How to explain the sensitivity of DNA double-strand breaks yield to I position?

Purpose: Auger emitters exhibit interesting features due to their emission of a cascade of short-range Auger electrons. Maximum DNA breakage efficacy is achieved when decays occur near DNA. Studies of double-strand breaks (DSBs) yields in plasmids revealed cutoff distances from DNA axis of 10.5 Å-12 Å, beyond which the mechanism of DSBs moves from direct to indirect effects, and the yield decreases rapidly. Some authors suggested that the average energy deposited in a DNA cylinder could explain such cutoffs. We aimed to study this hypothesis in further detail.

Materials And Methods: Using the Monte Carlo code CELLDOSE, we investigated the influence of the I atom position on energy deposits and absorbed doses per decay not only in a DNA cylinder, but also in individual strands, each modeled as 10 spheres encompassing the fragility sites for phosphodiester bond cleavage.

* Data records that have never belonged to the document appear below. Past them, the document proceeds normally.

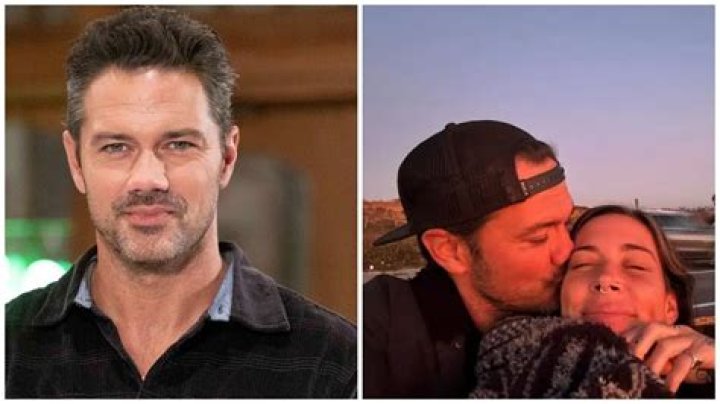 Who is Ryan Paevey's Wife? A Deep Dive into His Personal Life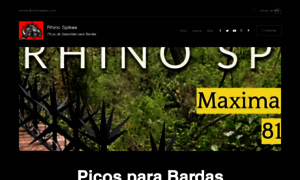 Rhinospikes.com thumbnail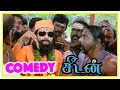 Seedan Tamil Movie Comedy Scene Seedan Comedy Vivek Comedy Scene Seedan Full Movie Dhanush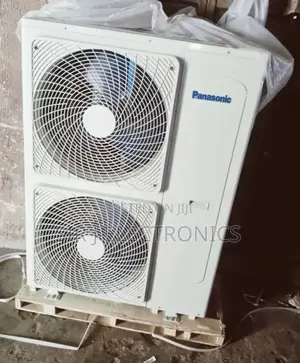 5tons/5hp Panasonic Floor Standing Unit Airconditioner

Results: The dose per decay decreased much more rapidly for a sphere in the proximal strand than for the DNA cylinder. For example, when moving the I source from 10.5 Å to 11.5 Å, the average dose to the sphere dropped by 43%, compared to only 13% in the case of the cylinder.

Conclusions: Explaining variations in DSBs yields with I position should consider the probability of inducing damage in the proximal strand (nearest to the I atom). The energy received by fragility sites in this strand is highly influenced by the isotropic (4π) emission of I low-energy Auger electrons. The positioning of Auger emitters for targeted radionuclide therapy can be envisioned accordingly.